The US House of Representatives sends an impeachment article from Donald Trump to the Senate and triggers a process


If Donald Trump is convicted, the Senate could prevent him from taking office again.


The US House of Representatives submitted a single impeachment article to the Senate on Monday, accusing Donald Trump of instigating the storming of the Capitol, thus starting the first impeachment trial against a former president.

In a solemn procession, the House’s nine impeachment executives silently walked the article through the same ornate congress halls that were overrun by Trump supporters on Jan. 6 and handed it over to the Senate.

Rep. Jamie Raskin, the chief impeachment manager, then read the indictment against Trump in the Senate, where the former president continues to enjoy substantial support from Republican senators.

“Donald John Trump has been involved in high crimes and misdemeanors by inciting violence against the United States government,” Raskin said. “It threatened the integrity of the democratic system, disrupted the peaceful transfer of power and endangered an equal branch of government.”

The Senate trial of 74-year-old Trump, who was indicted for the unprecedented second time by the House of the Democratic Majority on January 13, is set to begin the week of February 8.

Democratic Senate Majority Leader Chuck Schumer said the 100 Senate members who will serve as jurors would be sworn in and Trump summoned on Tuesday.

Democrats and Republicans agreed to postpone the start of the trial by two weeks to allow Trump to prepare his defense against the “incitement to insurrection” charges and to allow the Senate to ratify President Joe Biden’s cabinet appointment.

US Supreme Court Justice John Roberts led Trump’s previous Senate trial – which ended in his acquittal – but this time the Senate President will be temporary.

The President pro Tempore is the high-ranking senator of the party with a majority in the Senate, currently the Democrats. Patrick Leahy, 80, who was elected to the Senate in 1974, holds this position.

Republican Senator John Cornyn said a senator serving as judge and juror created a conflict of interest, but another Republican senator, Lindsey Graham, denied his concerns.

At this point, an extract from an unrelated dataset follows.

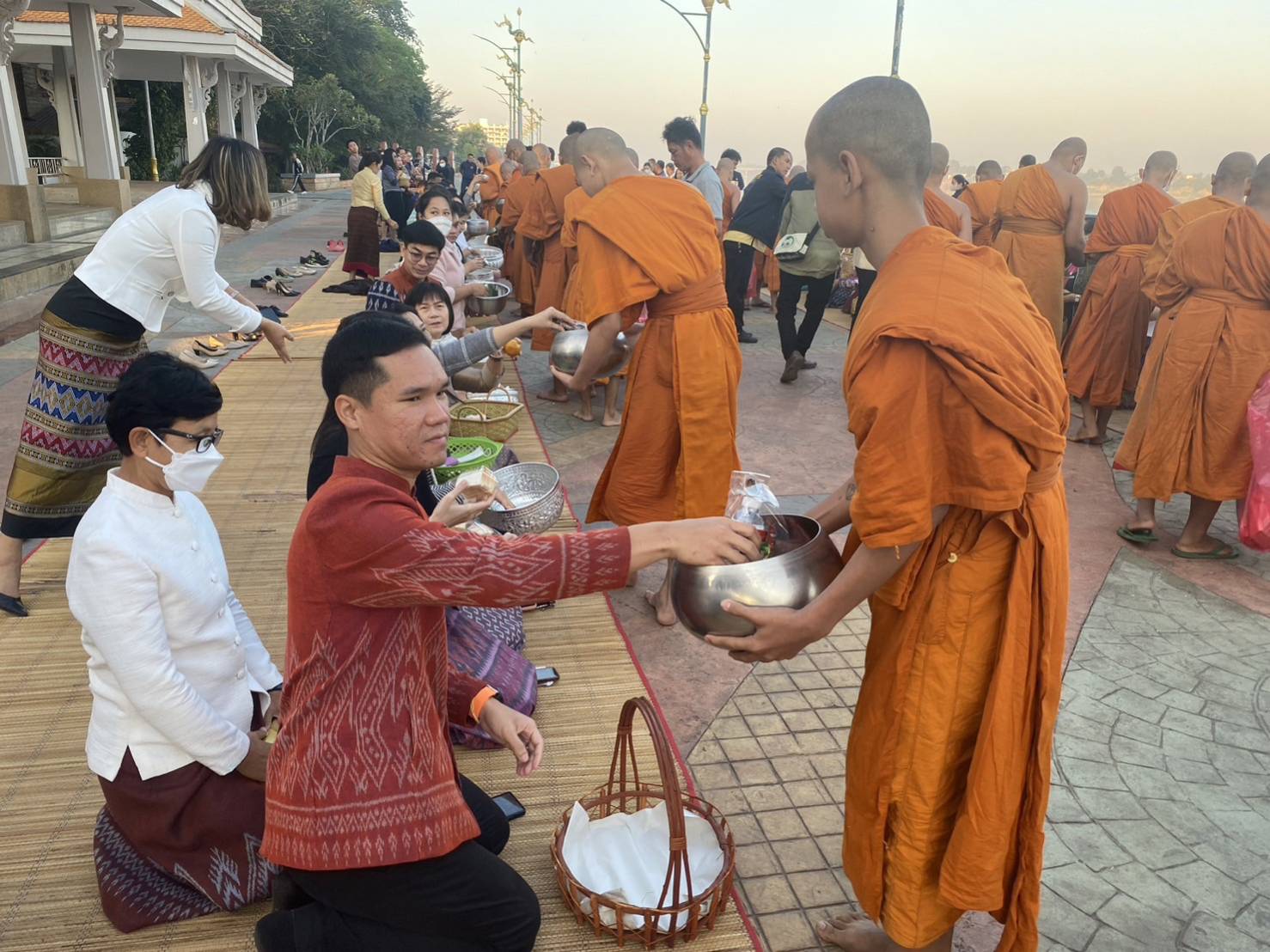 พช หนองคาย ร่วมกิจกรรม “นุ่งผ้าไทย ใส่บาตรริมโขง” เนื่องในโอกาสฉลองพระชนมายุ 8 รอบ สมเด็จพระอริยวงศาคตญาณ สมเด็จพระสังฆราช สกลมหาสังฆปริณายก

“I’ve known Pat a long time,” said Graham. “I believe and hope that it is fair.”

– ‘Must be held accountable’ –

Leahy said he would take an oath to be impartial.

“President pro Tempore has run impeachment proceedings against non-presidents in the Senate in the past,” Leahy said.

“In presiding over impeachment proceedings, the president takes an additional special oath pro tempore to ensure impartial justice under the constitution and law,” he said. “It is an oath I take extremely seriously.”

Desperate to put Trump in the rearview mirror and make progress in fighting the coronavirus pandemic and revitalizing the economy, 78-year-old Biden has easily tackled the impeachment. However, on Monday night he told CNN, “I think this has to happen.”

Democratic representative Jerry Nadler, chairman of the House of Representatives Judiciary Committee, said Monday that Trump “must be held accountable”.


“We are not allowed to give Donald Trump a passport because he sparked a deadly riot in our capitol,” said Nadler.

“The House did its job in indicting Trump, and now the Senate must do the job by making sure it is never again able to harm the United States directly.”

Ten Republicans, along with their Democratic counterparts in the House of Representatives, voted against Trump for inciting the crowd to storm the Capitol while Congress confirmed Biden’s election victory on November 3.

Five people died in the chaos, including a policeman and a protester who were shot dead by Capitol police.

The House also indicted Trump a year ago for attempting to politically tarnish Biden, of Ukraine, but he was acquitted by the Senate, where only a single Republican Senator, Mitt Romney of Utah, voted for the conviction.

– ‘Get Out Of Jail Free Card’ –

While more Republican senators may vote in favor of condemning Trump this time around, at least 17 of them are unlikely to do so.

Democrats control 50 seats in the 100-seat chamber, and a two-thirds majority is required to condemn Trump, who remains a powerful figure in the Republican Party.

If Trump is convicted, the Senate could prevent him from taking office again, which would prevent him from running for president in 2024.

A number of Republicans have denounced plans to try Trump in the Senate, and some have argued that the panel has no power to try a private individual like Trump is now.

Schumer rejected this argument in a comment in the Senate on Monday.

“It doesn’t make any sense,” he said. “The theory that the Senate cannot bring former officials to justice would mean a constitutional ‘released from prison’ card for any president committing a criminal offense.”

Trump repeatedly and falsely claimed that he won the election and called his supporters to Washington for a rally on Jan. 6, which coincided with the confirmation of the results by Congress.

After a speech by Trump, thousands of his supporters stormed the Capitol, fought violent battles with the police and sent lawmakers down.

Trump faces potential legal threat on numerous fronts, but received welcome news Monday as the Supreme Court closed lawsuits alleging he violated laws prohibiting a president from accepting income from foreign sources.

(Except for the headline, this story was not edited by GossipMantri staff and published from a syndicated feed.)